DATASET EXTRACT:
• • • • •

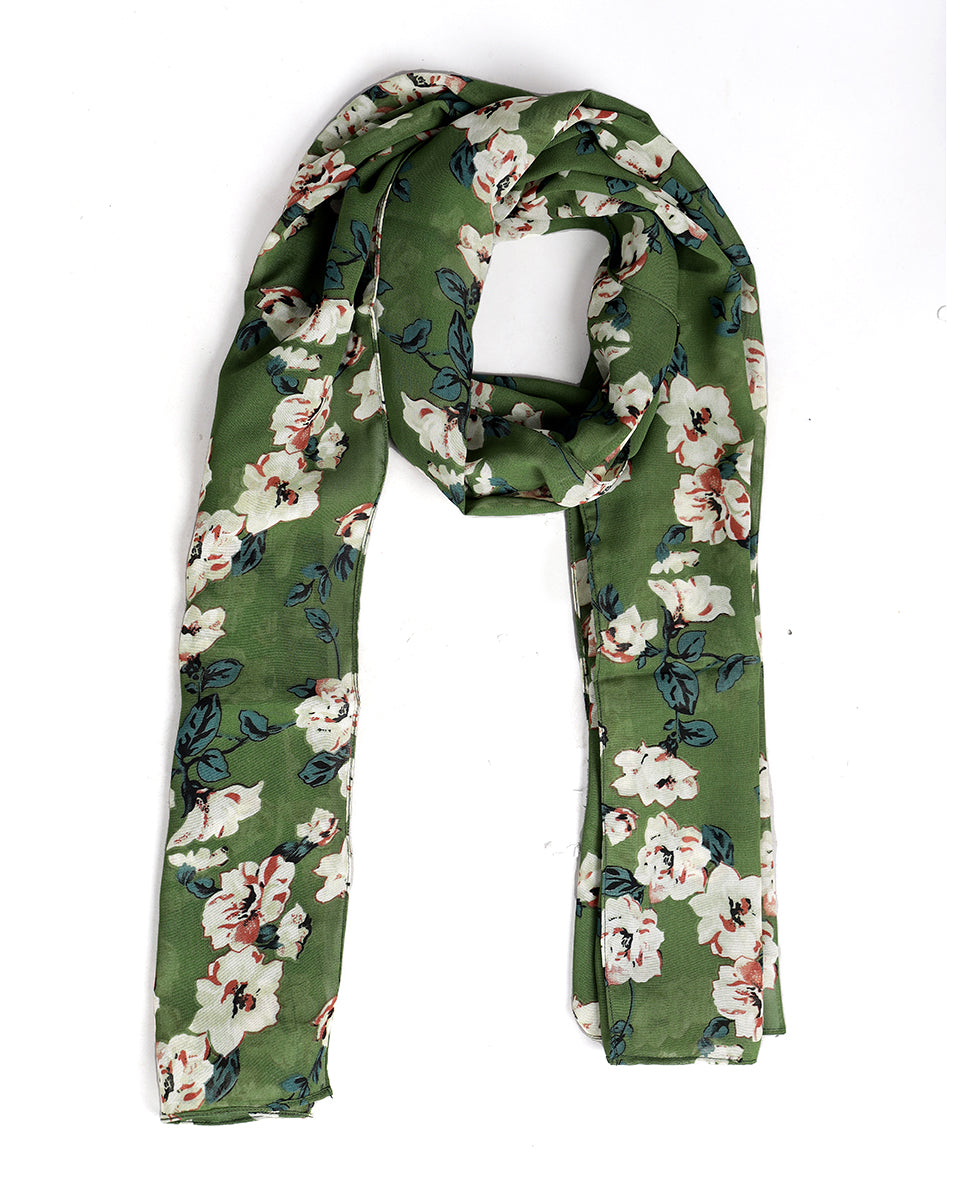 Green Oasis Floral Polygeorgette Hijab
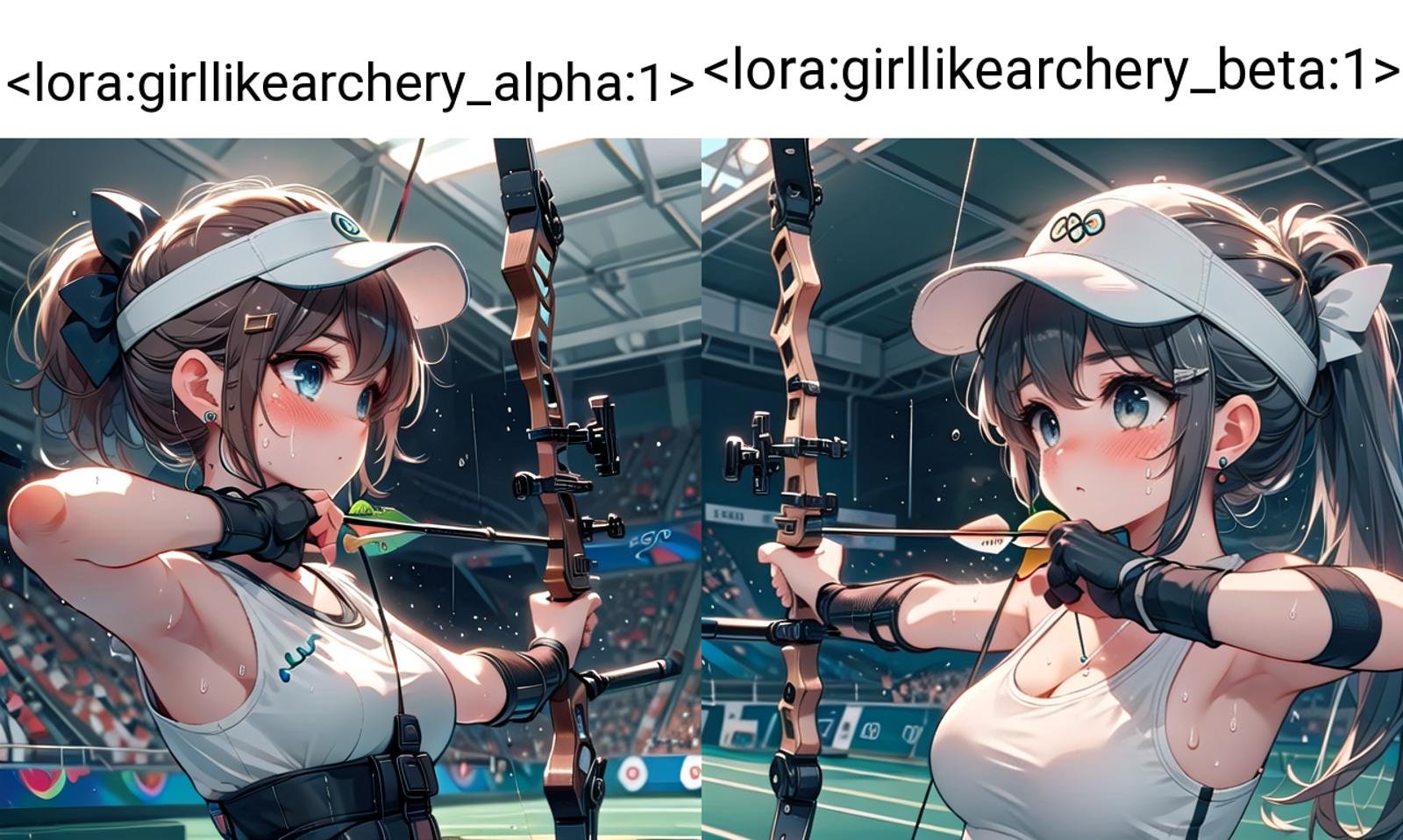 ((archery)), ((bowstring)), holding bow \(weapon\), holding arrow \(projectile\), aiming, fingerless gloves, player uniform, baseball hat, visor cap, turf, target in range, olympic games venue, 1girl, earrings, sweat, floating hair, cleavage, big tits, brown ponytail, indoors, ceiling, <lora:girllikearchery_alpha:1>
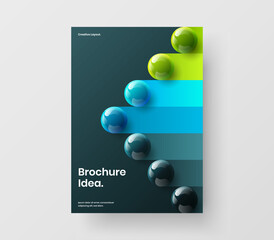 Geometric realistic balls journal cover template. Original handbill A4 design vector concept.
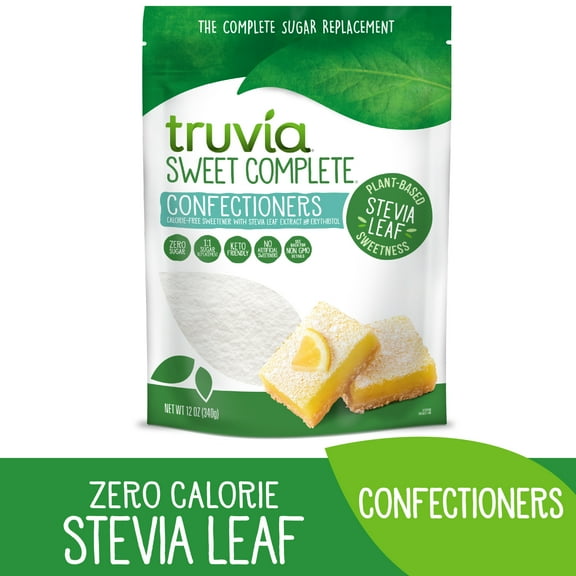 Truvia Sweet Complete Confectioners, Powdered Stevia Leaf Sweetener with Zero Calories, 12oz Bag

• • • • •

AIM OF THE EXERCISE: Print the data above verbatim from the first line through the line holding "((archery)), ((bowstring)), holding", leaving every picture out.

ANSWER TO THE EXERCISE:
 Green Oasis Floral Polygeorgette Hijab
 ((archery)), ((bowstring)), holding bow \(weapon\), holding arrow \(projectile\), aiming, fingerless gloves, player uniform, baseball hat, visor cap, turf, target in range, olympic games venue, 1girl, earrings, sweat, floating hair, cleavage, big tits, brown ponytail, indoors, ceiling, <lora:girllikearchery_alpha:1>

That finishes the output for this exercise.